After trotting some distance along the wall's top, Ghassan led the way down the stairs into the fallow orchard below the southern tower. He paused there, holding back a hand to keep Wynn's «savior» from stepping past him.
Chane was in no condition to be scaling walls or possibly calling attention to himself if he fell. It was simple enough to fill the guards' minds with the notion of something skulking near the keep's northern tower. Yet even as they took off on an erroneous search, Ghassan was still disturbed.
Not by the strange marred and burned appearance of this one called Chane. More than that, he had not caught the slightest conscious thought in the man's head. He had tried in Wynn's room.
Unlike during the duchess's visit with her entourage, when he had picked up only something akin to a voice muffled inside a closed room, he could not find Chane's thoughts at all. As if the man were not there.
When the guards were gone he waved Chane on. He received not a word in response as the man jogged off through the gate.
Il'Sänke returned to the library's first floor and found Wynn slouched upon a bench with the majay-hì at her feet. On spotting him, she straightened and stood up.
"Come, you will sleep in the northwest building," he said, "in the study outside my guest quarters. It is more… protected."
She frowned, then nodded, as perhaps the prospect of sleeping alone in her room did seem unappealing. He led the way back through to the main doors and, once outside, cut across the courtyard. Entering through the storage building, they headed along a hallway that passed through the keep's outer wall and into the newer building beyond. On the ground floor they passed the area where he spent time among this branch's metaologers. When he glanced over his shoulder, Wynn was peering through a wide archway on the left. He knew what she saw inside.

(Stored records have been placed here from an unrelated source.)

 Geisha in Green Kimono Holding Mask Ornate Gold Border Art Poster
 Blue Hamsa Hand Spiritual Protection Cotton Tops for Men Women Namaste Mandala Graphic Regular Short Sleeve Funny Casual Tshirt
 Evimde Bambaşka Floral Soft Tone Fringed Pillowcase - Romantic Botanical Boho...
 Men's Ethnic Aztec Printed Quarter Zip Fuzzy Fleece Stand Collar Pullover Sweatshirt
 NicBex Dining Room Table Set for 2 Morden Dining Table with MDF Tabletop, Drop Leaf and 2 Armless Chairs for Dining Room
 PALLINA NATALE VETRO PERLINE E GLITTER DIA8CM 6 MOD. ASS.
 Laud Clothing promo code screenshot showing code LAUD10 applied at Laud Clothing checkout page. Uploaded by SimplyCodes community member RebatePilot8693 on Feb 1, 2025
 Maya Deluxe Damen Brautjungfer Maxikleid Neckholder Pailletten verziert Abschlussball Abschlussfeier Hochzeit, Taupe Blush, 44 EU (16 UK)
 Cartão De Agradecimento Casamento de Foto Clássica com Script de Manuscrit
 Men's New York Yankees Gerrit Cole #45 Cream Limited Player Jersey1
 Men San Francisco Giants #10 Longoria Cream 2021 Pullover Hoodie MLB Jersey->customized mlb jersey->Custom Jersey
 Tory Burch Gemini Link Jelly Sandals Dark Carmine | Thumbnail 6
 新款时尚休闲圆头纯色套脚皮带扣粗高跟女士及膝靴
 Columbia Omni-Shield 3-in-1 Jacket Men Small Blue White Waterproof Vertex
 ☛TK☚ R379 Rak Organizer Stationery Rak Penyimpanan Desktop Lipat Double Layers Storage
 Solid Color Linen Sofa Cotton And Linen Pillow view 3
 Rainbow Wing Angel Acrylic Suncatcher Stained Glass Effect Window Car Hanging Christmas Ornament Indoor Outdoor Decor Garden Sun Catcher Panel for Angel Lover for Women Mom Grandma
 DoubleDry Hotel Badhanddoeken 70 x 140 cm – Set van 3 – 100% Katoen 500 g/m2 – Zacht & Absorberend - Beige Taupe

Dimly lit colored glass tubes, mortars and pestles, small burners, and tin plates covered tables made of stone resistant to dangerous substances. Aging books lined high shelves about the workbenches running along both side walls. Perhaps she spotted the stairs to the sublevels, where the alchemical furnace sat, built like a massive barrel of charred steel mounted to turn and spin as needed. Plates of thick crystal were embedded in its walls, allowing a view of the interior to monitor any work in progress.
"I haven't come this way in a long time," Wynn said.
Shade, on the other hand, drew nervously closer to Wynn as they traveled up a switchback staircase at the passage's end.
Il'Sänke stopped before a door on the second level. He preferred to keep this locked the old-fashioned way—to avoid questions—and took a key from around his neck.
"What's in the lenses of these glasses?" Wynn asked suddenly. "What makes them darken?"
"The glass was infused with a thaumaturgical ink while still molten," he replied. "Nothing complicated, and not the best lenses to look through. I later discovered that they react to sharp changes in heat as well as light. Keep aware of this unexpected side effect."
He opened the door and let Wynn and Shade inside.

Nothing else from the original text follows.